Change $('#form-id') to reflect the id attribute on your form. You must keep the # however.

If you post your complete code, so all of the form HTML, etc, people will be able to see exactly what your page looks like and why it might not be working.

Posting one or two lines of code isn't really helpful.

its like you are mis understanding my problem injecting code into html form and then submitting the form not through jquery but to php file that processes it is what am having problem about anything i appended to the dom with jquery doesn't come as part of the post ($_POST) data that was send to the php file. this is the problem not apppend another element to the form afterwhich dont comeup on php side. thanks but pls help

That's what I understood the problem to be too.

So if you post your complete code, we might be able to ascertain why it isn't working.

Yes that's what I understood your question to be, what I'm saying is that if the select is appended the the current form properly it should already be available in your POST data without needing to do any additional work, unless you're building your own custom AJAX call, there is no way to really modify the POST data . As blocblue stated we might be able to figure out what's going on if you post the full code.

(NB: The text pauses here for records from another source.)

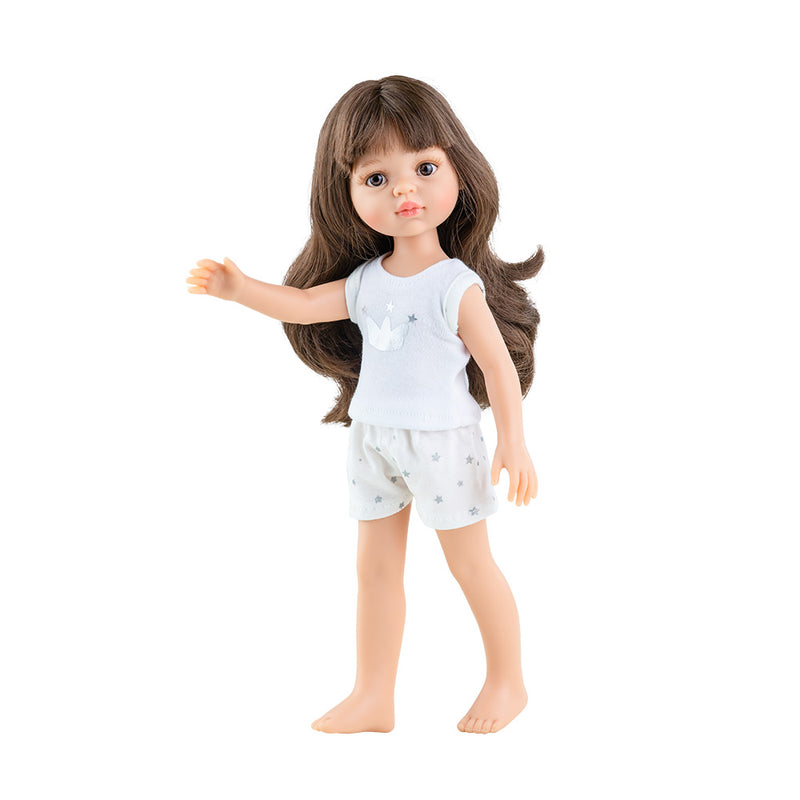 Paola Reina - Pyjama Doll, Carol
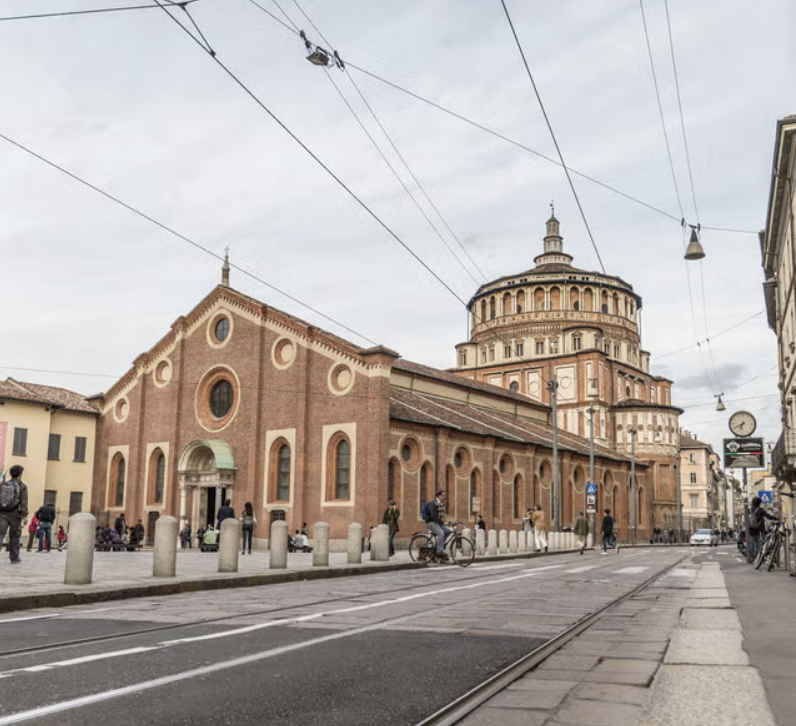 Museo Cenacolo Vinciano
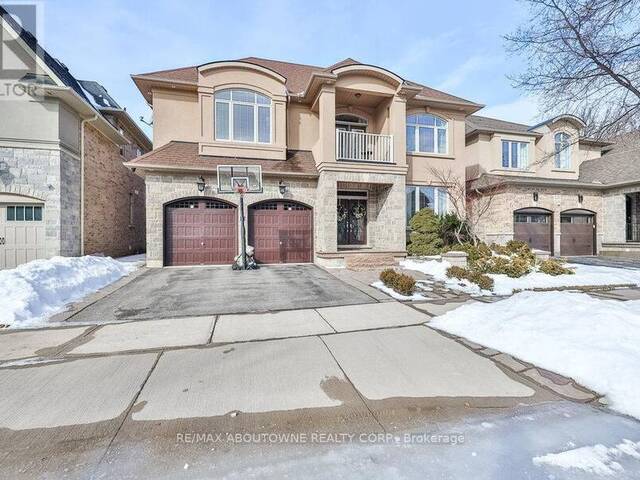 526 HIDDEN TRAIL Oakville Ontario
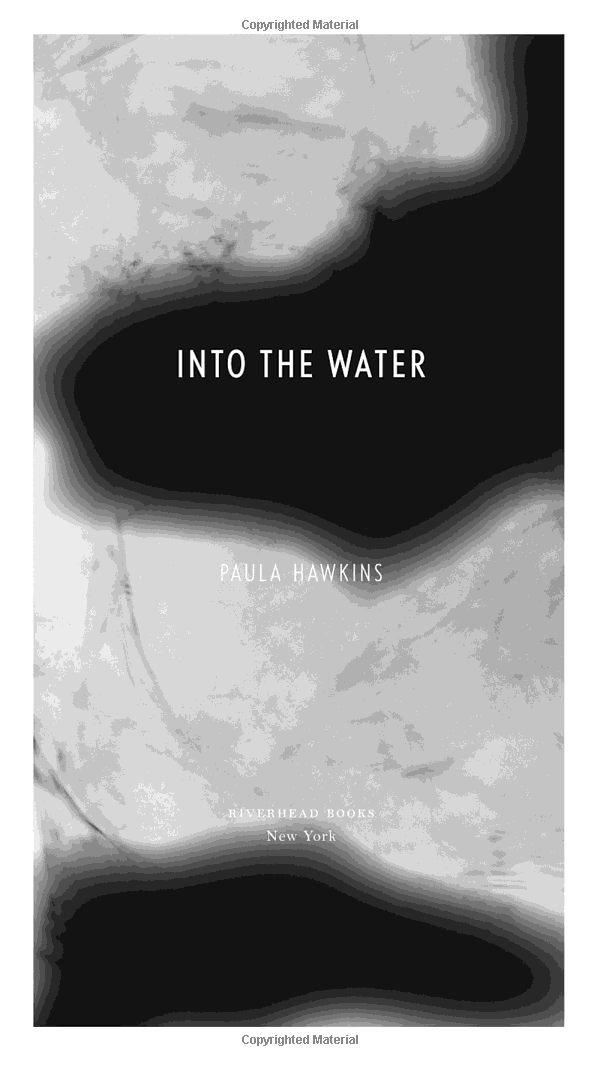 Into the Water Paperback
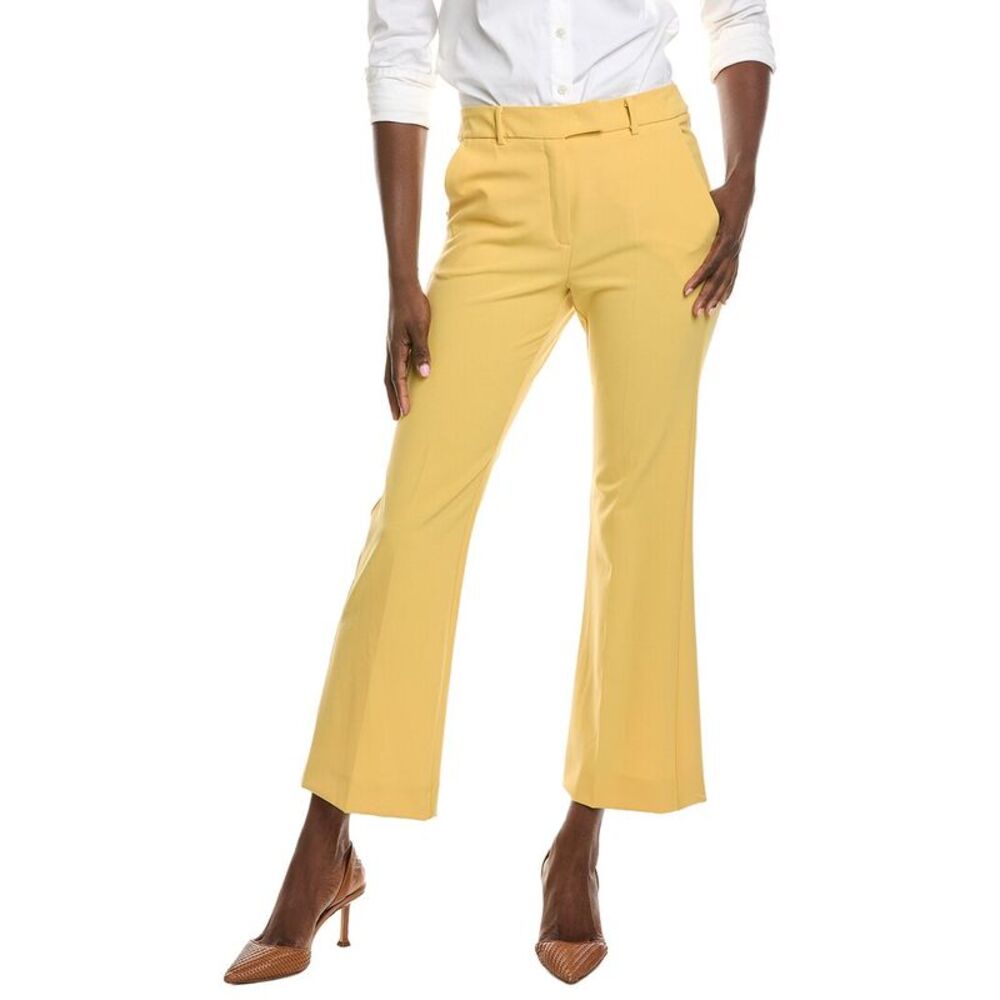 Marella Womens Child Long Trouser, Gold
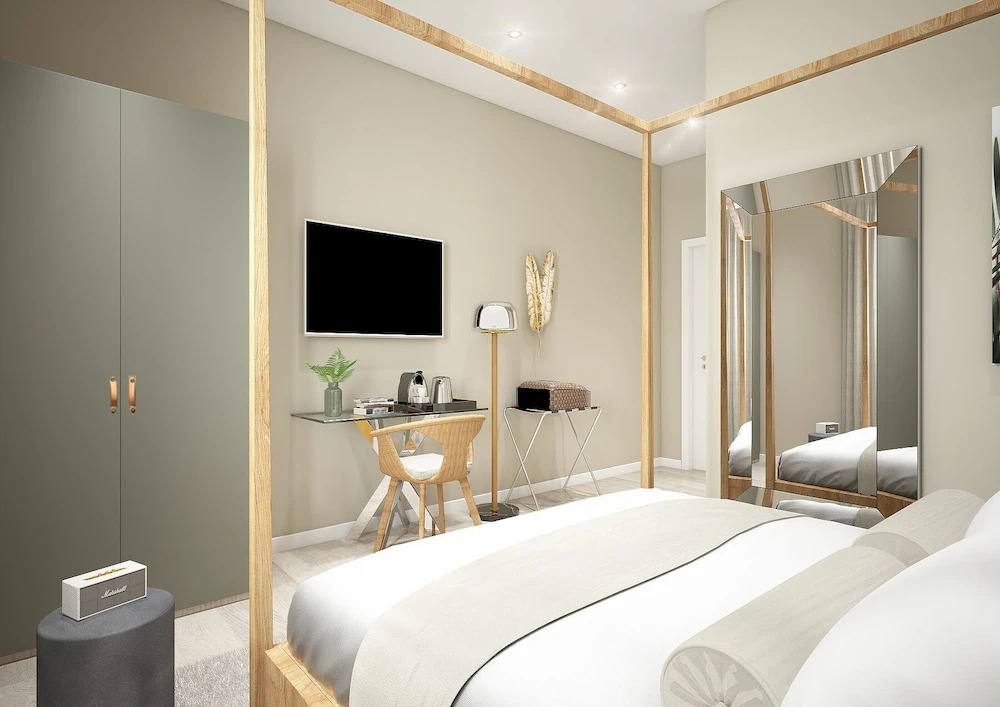 Suites 44 Via Cicerone - modern Rooms - Guesthouse close to Vaticano, San Pietro, Castel Santangelo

Well thanks guys am able to resolve the issue but in different way. on the form i created the select tag without options and from jquery i appended the options to it and on submitting the form php was able to access the select post variable.

on html page

<tr id="section-tr" style=background-color:#FFFF99;>
    <td id="td1">Section: </td>
    <td id="td2" class="right len"> 
    <select name="section-name" id="section-name"></select></td>

then append the options with jquery

$.each( data, function(key, val){
 .append('<option value="'+key+'">'+val+'</option>')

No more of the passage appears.